This week Intel announced its intention to deliver chips for the burgeoning microserver market. Microservers are envisioned as the next big thing in hyperscale datacenters that are delivering Web content and lightweight software apps for the masses.
That market is being carved out by vendors like SeaMicro, Marvell, Dell, Tilera, Calxeda, and some others, who envision a growing opportunity for datacenter workloads that don’t need energy-sucking Xeons or Opterons to do their job. A handful of these enterprising companies have developed their first-generation microservers, mostly based on inexpensive, power-sipping Atom and ARM processors. In fact, because of the scale of these Internet datacenters, energy efficiency, price-performance, and density have become the prime considerations for building Web-based infrastructure.

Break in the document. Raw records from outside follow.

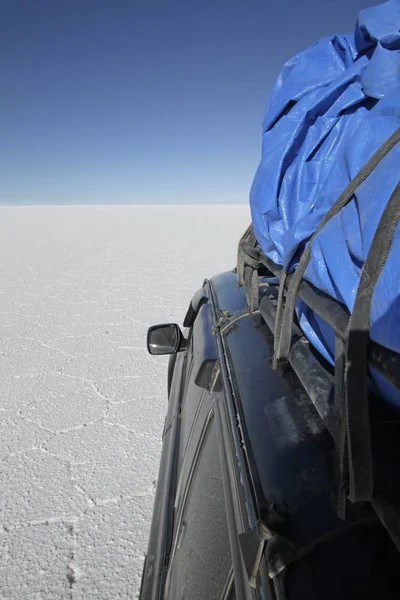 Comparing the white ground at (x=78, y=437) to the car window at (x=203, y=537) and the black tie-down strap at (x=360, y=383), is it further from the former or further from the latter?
the black tie-down strap at (x=360, y=383)

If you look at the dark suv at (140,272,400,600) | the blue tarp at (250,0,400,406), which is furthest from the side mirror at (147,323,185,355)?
the blue tarp at (250,0,400,406)

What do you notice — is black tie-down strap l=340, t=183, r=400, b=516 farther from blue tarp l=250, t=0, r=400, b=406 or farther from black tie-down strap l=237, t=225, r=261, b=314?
black tie-down strap l=237, t=225, r=261, b=314

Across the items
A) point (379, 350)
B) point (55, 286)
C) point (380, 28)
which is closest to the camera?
point (379, 350)

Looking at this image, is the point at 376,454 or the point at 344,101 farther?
the point at 344,101

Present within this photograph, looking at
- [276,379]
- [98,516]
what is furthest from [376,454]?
[98,516]

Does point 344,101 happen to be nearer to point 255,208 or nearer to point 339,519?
point 255,208

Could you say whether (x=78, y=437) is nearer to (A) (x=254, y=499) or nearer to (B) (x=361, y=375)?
(A) (x=254, y=499) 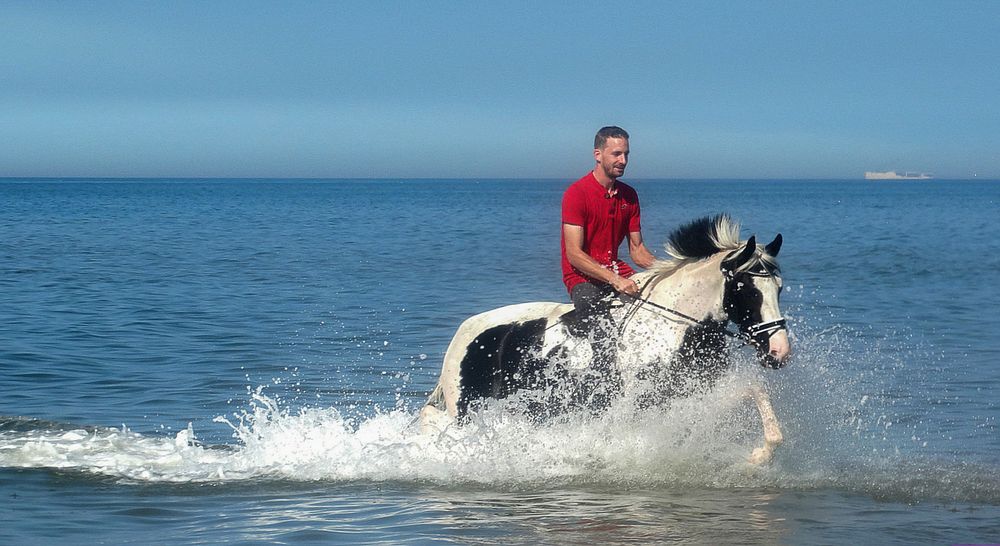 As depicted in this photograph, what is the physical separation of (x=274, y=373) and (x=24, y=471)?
15.7ft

Intel sees this market as comprising no more than 10 percent of overall server sales over the next four or five years, but that is large enough to get the chipmaker’s attention. The company’s announcement this week revealed a roadmap that includes both Xeon and Atom x86 processors aimed at the microserver space. That includes its recently released E3-1260L and E3-1220L Xeon chips, rated at 45 and 20 watts, respectively. In the second half of 2011, the company plans to deliver a 15-watt Sandy Bridge server part for this market. The first Atom server chip doesn’t arrive until 2012, and Intel is spec’ing that chip to come in at somewhere under 10 watts.
That didn’t stop SeaMicro from jumping the gun and building microservers with the just-released Atom N570, a 64-bit dual-core chip that has a TDP of just 8.5 watts. The new gear, announced last month, is an upgrade from the original SeaMicro server the company introduced in 2010, which used 32-bit single-core Atom N530 processors. Now SeaMicro has latched on to the up-market N570 (officially targeted for netbooks and notebooks) and is putting 256 of them in a 10U box. The CPUs are connected via SeaMicro’s proprietary fabric that delivers up to 1.28 terabits/second of aggregate bandwidth. In all, a nifty little 512-core x86 server that lists for $148,000.
So what does all this have to do with high performance computing? Right now, not a whole lot. From a performance point of view these x86 microserver chips are pretty wimpy compared to their more muscular Xeon brethren. For example, the quad-core E3-1260L runs at just 2.4 GHz compared to a traditional HPC-worthy Xeon, like the quad-core 3.2 GHz X5672. The E3-1260L also has only two memory channels versus three for the X5672, and only 8 MB of cache versus 12 MB for the X5672.
Basically you get about two-thirds of an HPC chip that uses about half the power. That might sound like a good trade-off until you consider that the E3’s are designed only for single-socket machines, so you would have to buy twice as many servers to get the same number of cores as in a traditional dual-socket box.
The starker contrast is the Atom N570 being used in the new SeaMicro gear. That processor runs at just 1.6 GHz, sports only 1 MB of cache, and can support a maximum of 4 GB of memory. (Oh, and as far as I can tell, there’s no support for ECC memory in any of the current Atom chips.) With half the number of cores running at half the speed, and with much less cache and memory, N570 performance will be just a fraction of the X5672’s.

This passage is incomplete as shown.